*Assignment:*
Your copy should hold only the lines from the one with "Abrasel e Filé" to the one with "HomeChef ChefDelHogar Women's", both included, each exactly as it stands below, with no pictures.

*Records for the exercise:*
::::::::
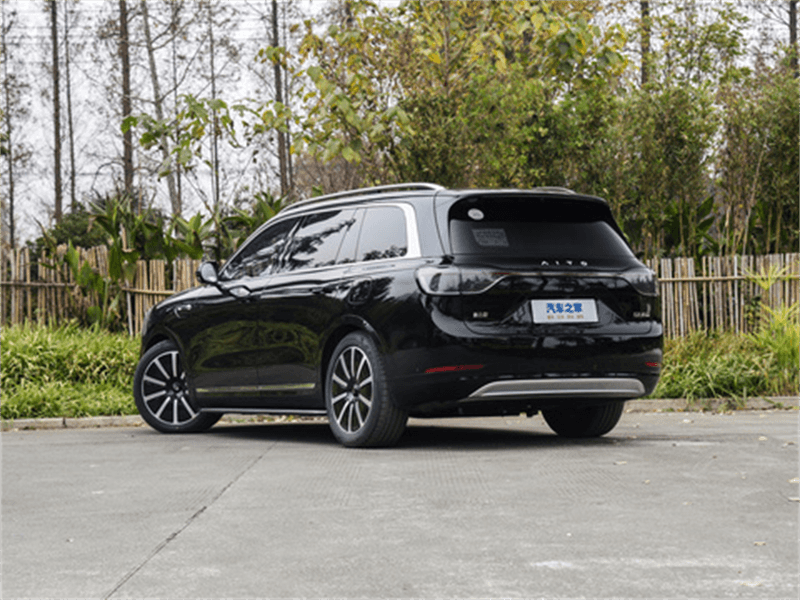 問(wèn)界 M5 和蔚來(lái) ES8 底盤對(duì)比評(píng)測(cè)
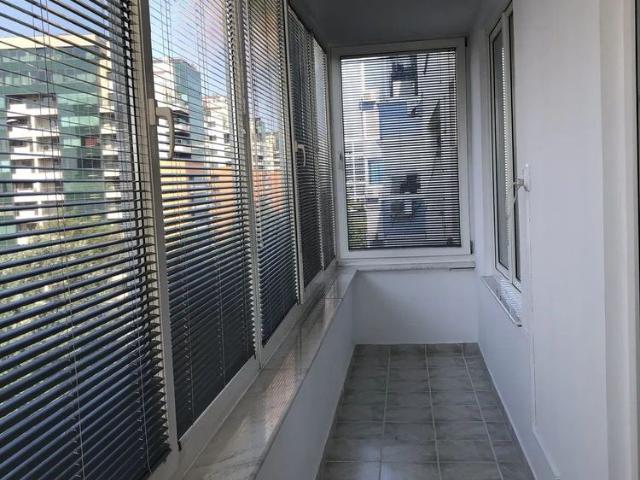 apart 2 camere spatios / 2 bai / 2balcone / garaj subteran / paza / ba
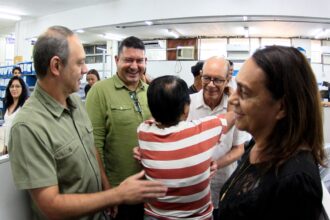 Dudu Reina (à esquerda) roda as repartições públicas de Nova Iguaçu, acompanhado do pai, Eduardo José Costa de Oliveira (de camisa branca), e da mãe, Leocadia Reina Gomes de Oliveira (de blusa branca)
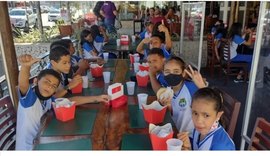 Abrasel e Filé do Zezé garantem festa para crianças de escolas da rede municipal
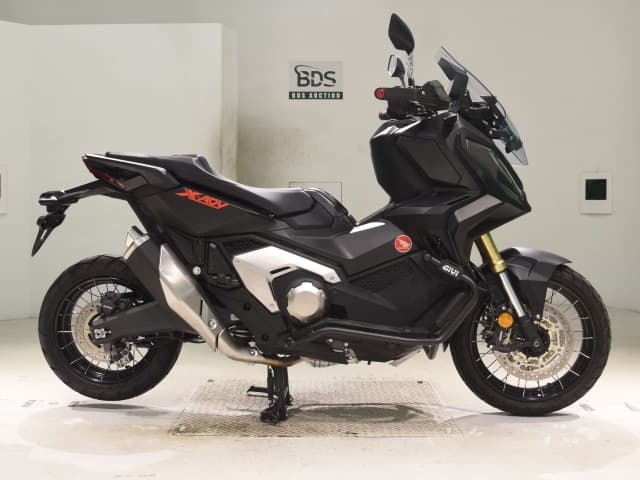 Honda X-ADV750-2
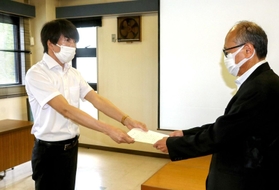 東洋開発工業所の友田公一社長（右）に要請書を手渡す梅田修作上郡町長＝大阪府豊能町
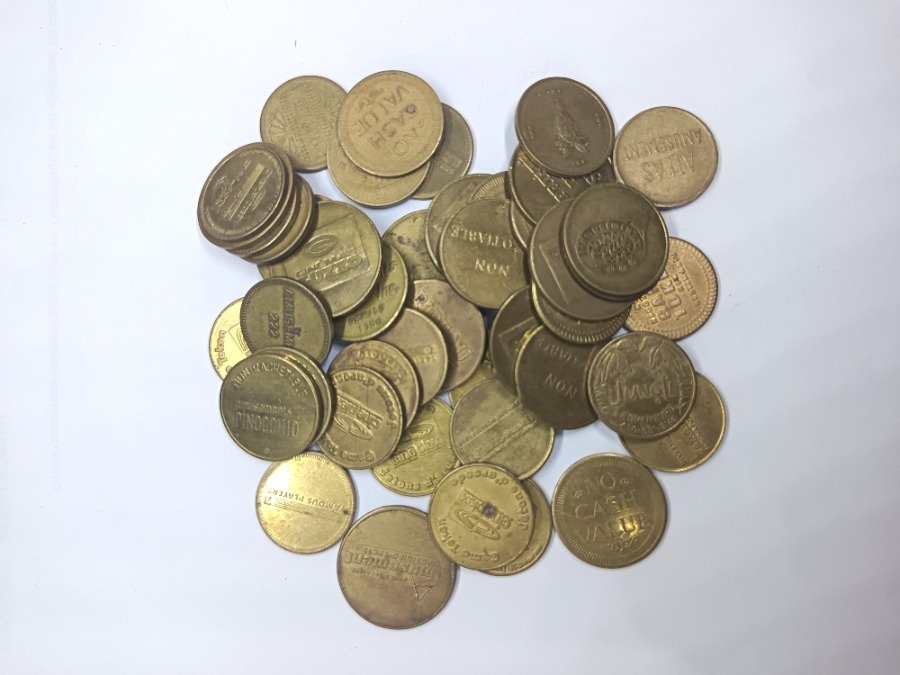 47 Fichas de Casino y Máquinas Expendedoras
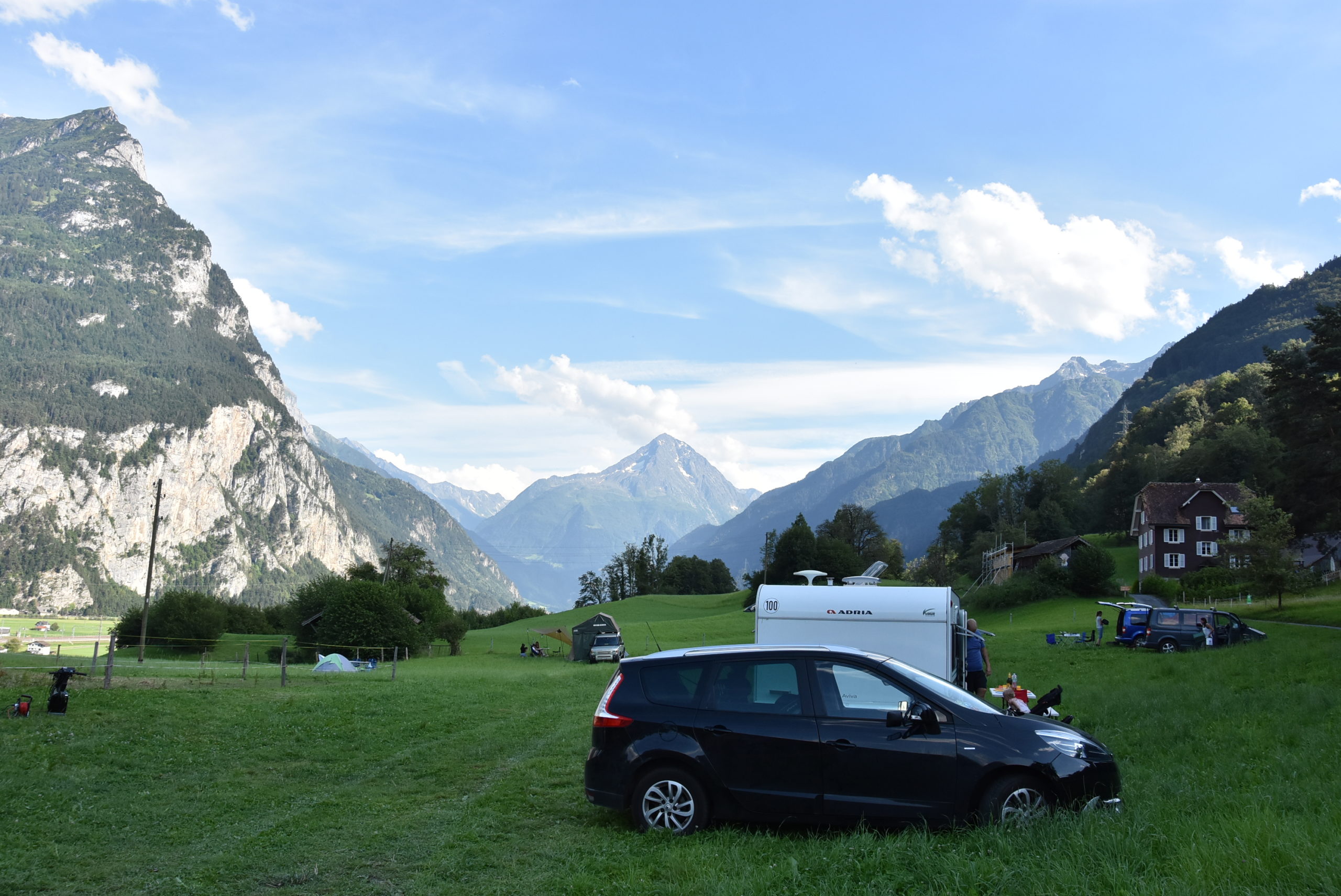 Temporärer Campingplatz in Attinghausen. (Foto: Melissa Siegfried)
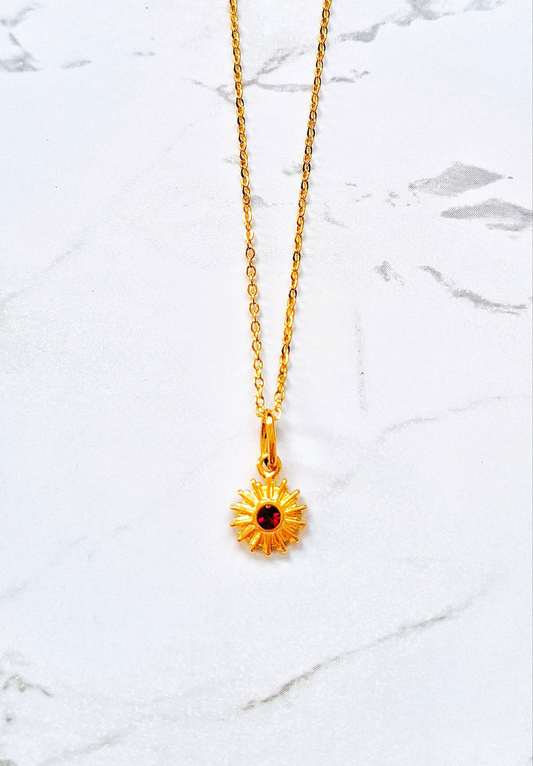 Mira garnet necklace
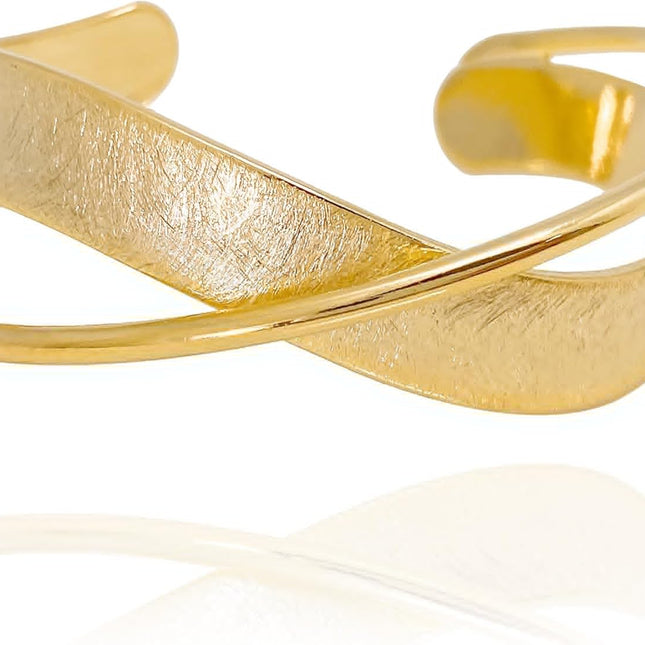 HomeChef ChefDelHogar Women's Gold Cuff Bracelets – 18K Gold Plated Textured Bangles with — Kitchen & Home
::::::::
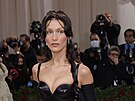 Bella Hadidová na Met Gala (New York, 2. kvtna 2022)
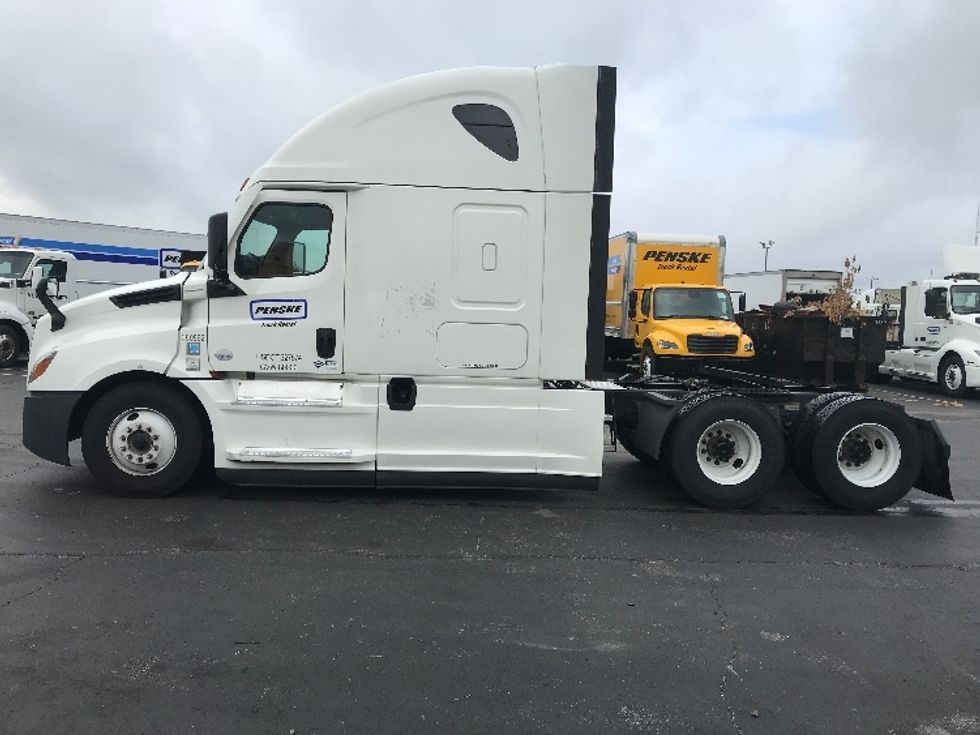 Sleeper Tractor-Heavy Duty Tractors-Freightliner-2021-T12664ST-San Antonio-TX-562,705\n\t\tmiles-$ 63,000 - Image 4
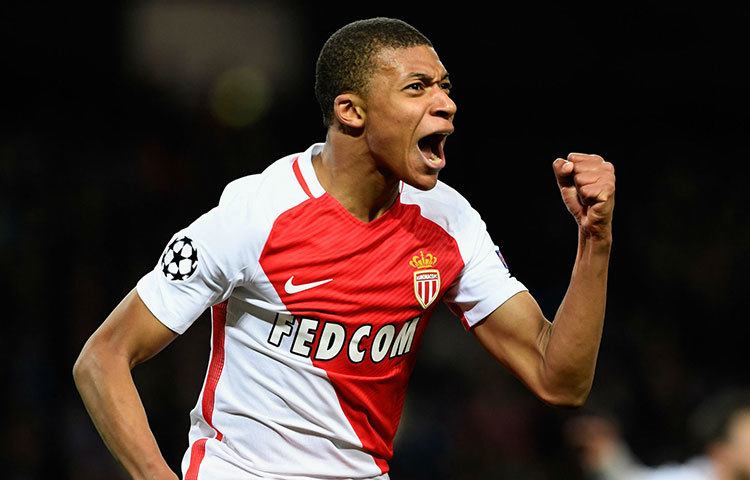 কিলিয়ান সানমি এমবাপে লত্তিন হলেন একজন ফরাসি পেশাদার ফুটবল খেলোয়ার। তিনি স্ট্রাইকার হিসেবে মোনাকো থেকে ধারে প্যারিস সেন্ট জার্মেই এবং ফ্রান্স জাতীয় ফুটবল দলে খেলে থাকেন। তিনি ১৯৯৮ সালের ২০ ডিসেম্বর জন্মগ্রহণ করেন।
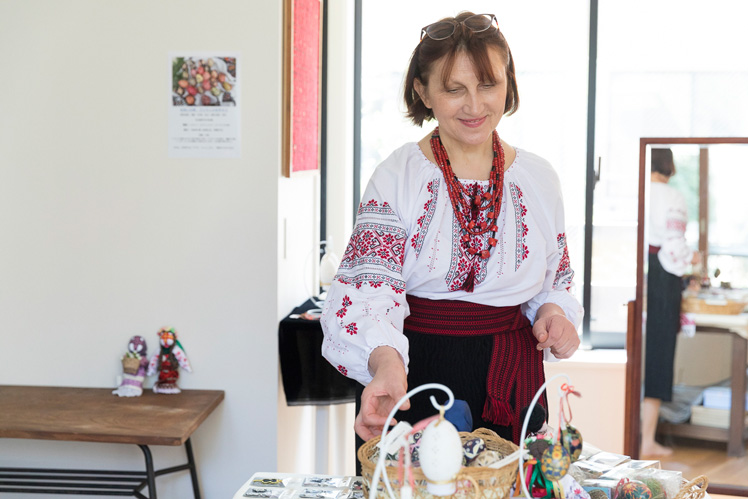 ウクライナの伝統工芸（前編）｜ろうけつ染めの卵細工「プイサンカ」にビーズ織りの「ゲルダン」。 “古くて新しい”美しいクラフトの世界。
::::::::
*Written response:*
 Abrasel e Filé do Zezé garantem festa para crianças de escolas da rede municipal
 Honda X-ADV750-2
 東洋開発工業所の友田公一社長（右）に要請書を手渡す梅田修作上郡町長＝大阪府豊能町
 47 Fichas de Casino y Máquinas Expendedoras
 Temporärer Campingplatz in Attinghausen. (Foto: Melissa Siegfried)
 Mira garnet necklace
 HomeChef ChefDelHogar Women's Gold Cuff Bracelets – 18K Gold Plated Textured Bangles with — Kitchen & Home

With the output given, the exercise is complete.